I have a bit of a spiel on the adjacent topic of the origin of colony structure and the basic caste system that I'd written previously:
Evolutionarily speaking, workers are just underdeveloped queens. In most other non-eusocial animals, every individual is a reproductive. Ants evolved from a regular solitary wasp, just females and males. There's a few theories for exactly how the transition to eusociality started, but it is all just a very modified form of that starting point of a solitary wasp.
At risk of anthropomorphizing evolution:
The female wants her reproductive offspring to be as strong as possible, and the best way to do that is to have more help raising the kids. But other wasps aren't gonna voluntarily help her raise her offspring, unless they have no choice. So the species evolves to have the females deliberately stunt their first generation of offspring, and said stunted offspring are no longer as reproductively fit. So the next best option for the stunted offspring that want to still spread their genes is to help their family members (in this case their next generation of sisters) to be extra strong and fit. This eventually got to the point that the female lived quite a while and developed a spermatheca, and the stunted forms of the females lost their wings, and there started being more and more generations in each "family", and boom, you have the basis of a primitive ant.
So in evolutionary terms, workers are deliberately underdeveloped queens, that, since they are unable to reproduce very well on their own, resort to helping their relatives, the colony. Workers in ants, and all other eusocial hymenopterans, are all females, all have ovaries (though usually quite small or vestigial compared to the queens'), though in other eusocial insects like termites the workers are male and female.
The specifics of colony reproductive structure vary a lot between species. In some cases the workers aren't as strongly reduced from their "original" queen form, and still have spermathecae and developed ovaries, and thus can still function as a queen if not actively suppressed by the dominant queen in the colony. In others, they've lost the ability to do anything but lay unfertilized male eggs. In others, the workers have developed the ability to lay diploid female eggs without mating by cloning themselves.
In a colony of a typical species, there will be one or more queens, which lay either unfertilized, haploid eggs which develop into males, or fertilized, diploid eggs that develop into females, either workers or new female reproductives. The male and female reproductives participate in mating flights after which the females drop their wings and found a new colony.

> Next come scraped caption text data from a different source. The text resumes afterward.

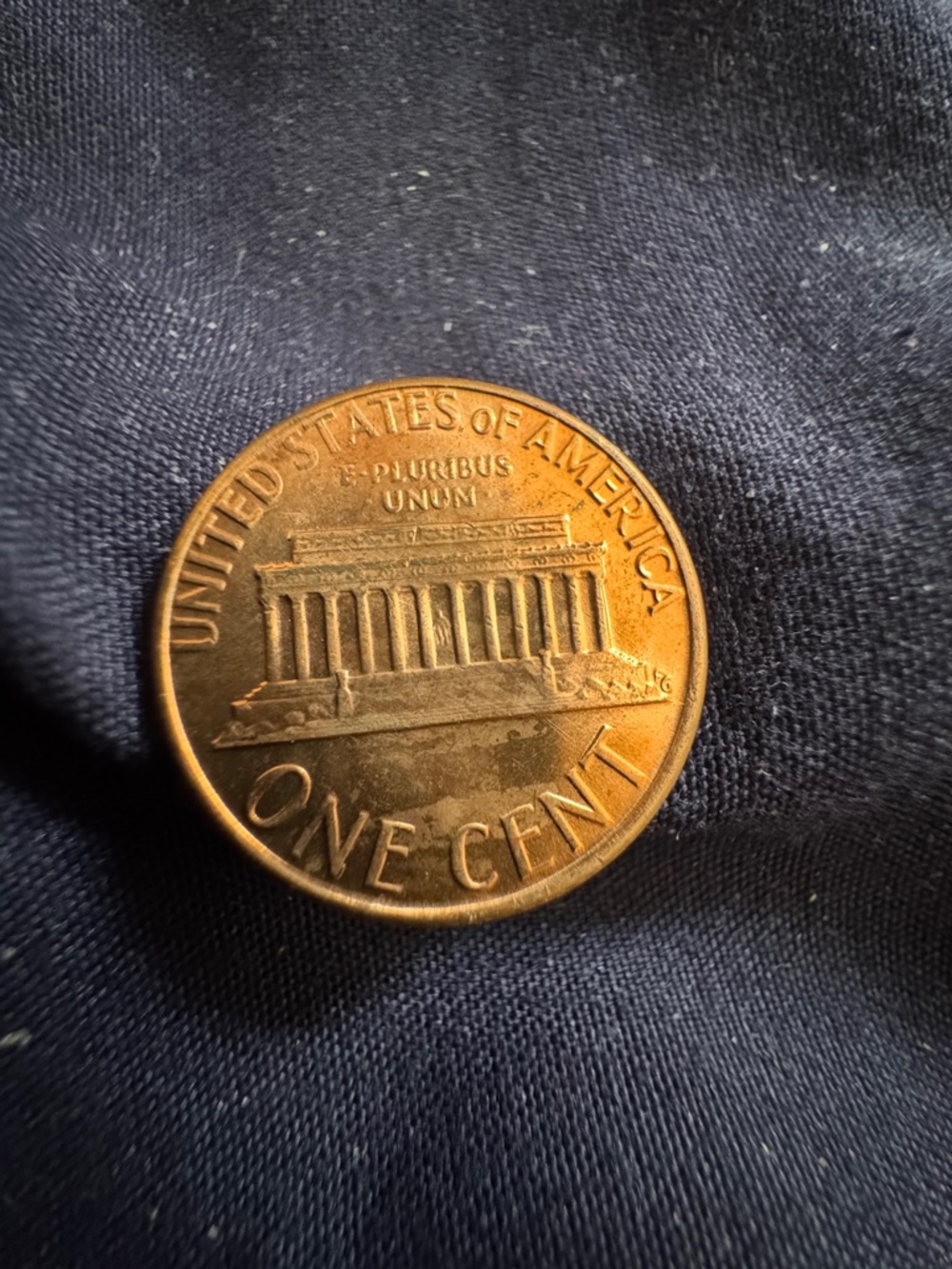 1979-D mint /No Mint/ S mint - Picture 4 of 4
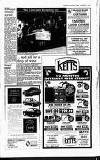 Harefield Gazette Wednesday 22 November 1989 Page 9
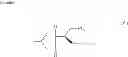 Fig. 02 - Methods for producing bicyclic compounds via iminium salt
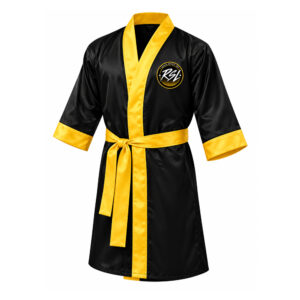 Boxing Robes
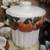 Beautiful 6-Piece Vintage Fall Harvest Ceramic Bundle 2 thumbnail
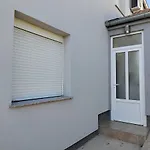 Apartment Eva 2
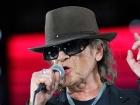 Udo Lindenberg in 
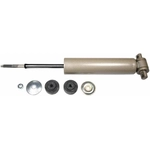 Order Amortisseur à gaz monotube avant haute performance by MONROE/EXPERT SERIES - 911516 For Your Vehicle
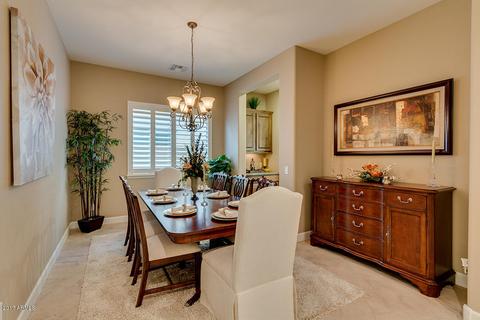 3960 E Nolan Dr, Chandler, AZ 85249 photo 20
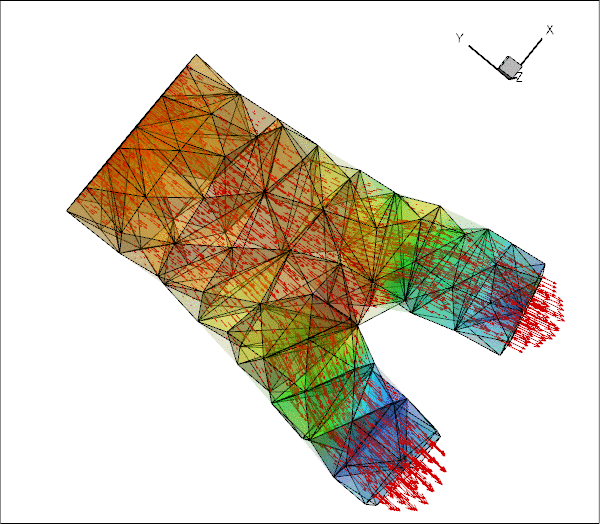 vmtk_fluid2.gif
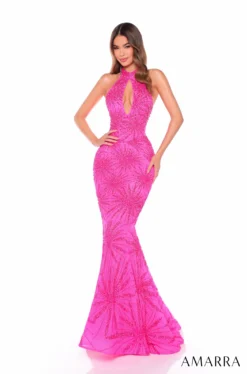 Front Page -Anna Dress Sales 88139 f.2000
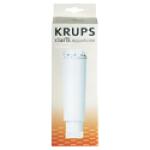 Krups F 088 01 Wasserfilter für Kaffeeautomaten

There are many species with gamergates and the exact colony structure varies greatly between species. Some species, as mentioned above, have workers with more developed ovaries and a spermatheca. These workers are capable of mating and producing fertile, diploid eggs that can develop into female reproductives and/or workers, and these fertile workers that take up egg-laying roles are referred to as gamergates. Some genera, (e.g. Diacamma, Dinoponera, Ophthalmopone, Streblognathus, some Rhytidoponera) completely lack a gyne ("queen") caste, and reproduce only through gamergates. In other ants, gamergates exist in addition to regular gynes and serve as secondary reproductives. In others, a gamergate worker will take the place of the original gyne queen when she dies. Gamergates will sometimes inbreed with males from their own nest, sometimes they will leave to outbreed and then return. In the case of Harpegnathos, they do a bit of everything. They have regular gynes that outbreed and disperse and found new colonies, and have gamergates that co-occur with the gyne queens, but also can have the gamergates take up the position of queen after the death of the gyne queen. In this way, colonies of Harpegnathos can in theory last forever, or at least until they become too inbred; I have personally seen colonies of H. saltator in the ASU ant lab that are multiple decades old.